While noting that Nigeria is the world’s largest cassava producer, harvesting over 60 million metric tons yearly, the report disclosed that the country captures just two per cent of the $180b global cassava processing market.


It added that for decades, cassava has been treated as a subsistence crop, processed into traditional staples like garri and fufu, expressing optimism that the perception is now shifting. “A new wave of investment and enterprise is reimagining cassava as a strategic industrial input — with the potential to unlock $6b in value across food, pharmaceuticals, and energy. With processors scaling capacity, consumer preferences evolving, and private capital entering the space, cassava is beginning to shed its subsistence label and emerge as a growth sector.

“Cassava is grown across 24 states in Nigeria, particularly in Oyo, Ogun, Kogi, and Benue. These regions combine dense smallholder activity with emerging commercial estates, offering strong supply potential. In recent years, leading processors and agri-holdings have begun integrating backward — acquiring or leasing farmland, while organising smallholder out grower schemes to secure supply.

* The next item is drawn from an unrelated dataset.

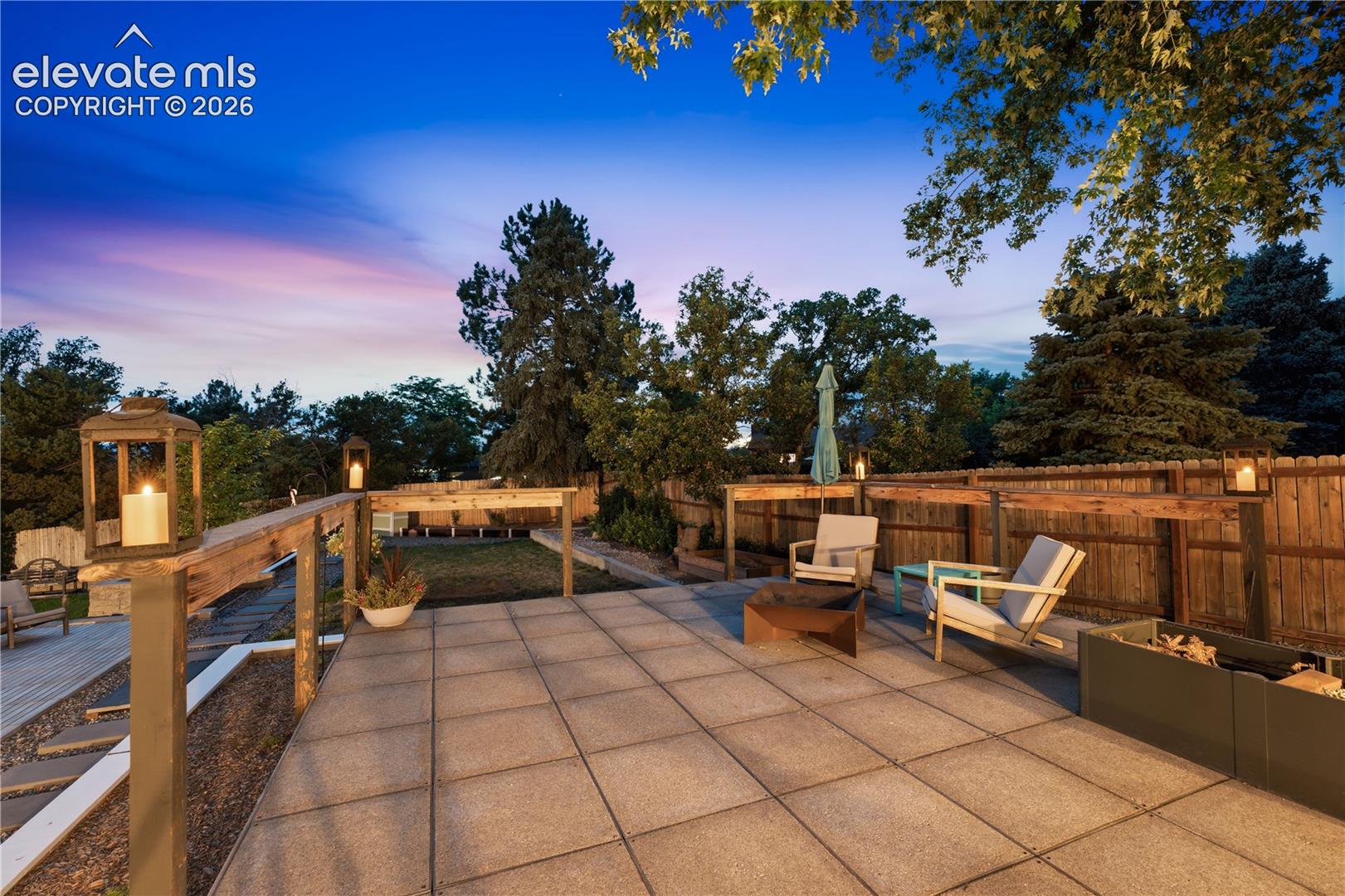 Listing photo 35 for 369 Burgess Drive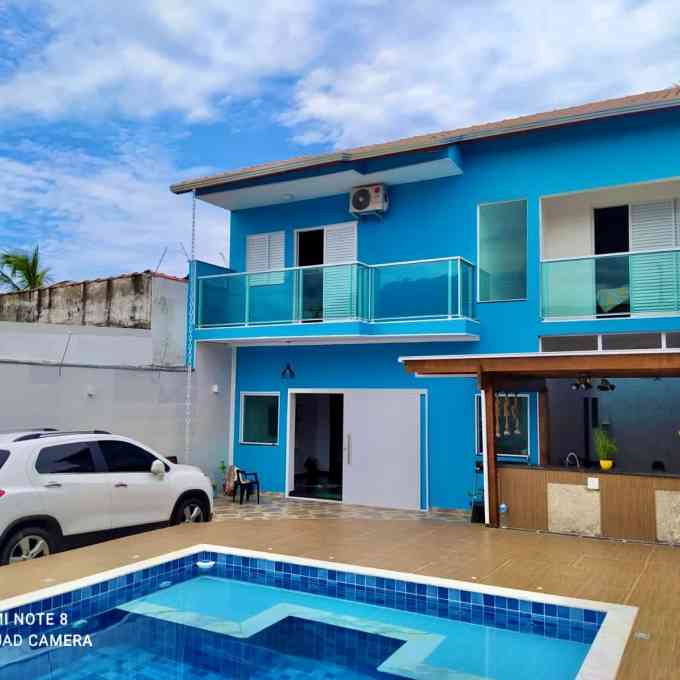 I6658 - Sobrado em Itanhaém 3 dormitórios com piscina, churrasqueira, Wi-Fi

“Although national yields remain low at around six tons per hectare, targeted interventions in stem distribution, soil health, and mechanisation are making a difference. Demonstration projects show that yields can double or triple with consistent input access and agronomic support. This hybrid sourcing model — blending in-house production with structured smallholder supply — is fast becoming the foundation for Nigeria’s cassava industrialisation push.”

Looking ahead, the report noted that the most promising development is the rise of midstream innovations that reduce waste, stabilise supply, and improve processor margins. It added that one of such solution is mobile processing. “These truck-mounted mini-factories convert fresh cassava into semi-processed forms like cake or flour directly at the farmgate. Pilots in Oyo and Benue have shown that mobile units can significantly reduce spoilage, lower logistics costs, and extend shelf life — all while improving farmer income.


“Another emerging tool is digital supply chain management. A handful of processors are now deploying software platforms to monitor farmer deliveries, track input use, and forecast raw material volumes.

By building real-time visibility into the sourcing process, these platforms help processors plan more effectively, reduce side-selling, and become more bankable to external lenders. These are not silver bullets — but they point to a future where innovation in the “messy middle” of the value chain unlocks efficiency, transparency, and growth.

“For investors, cassava is no longer just a food crop — it is a manufacturing input and a hedge against import dependency. For processors, it represents a pathway to scale through local sourcing and value addition. And for policymakers, it offers a route to industrialisation grounded in an already familiar crop.”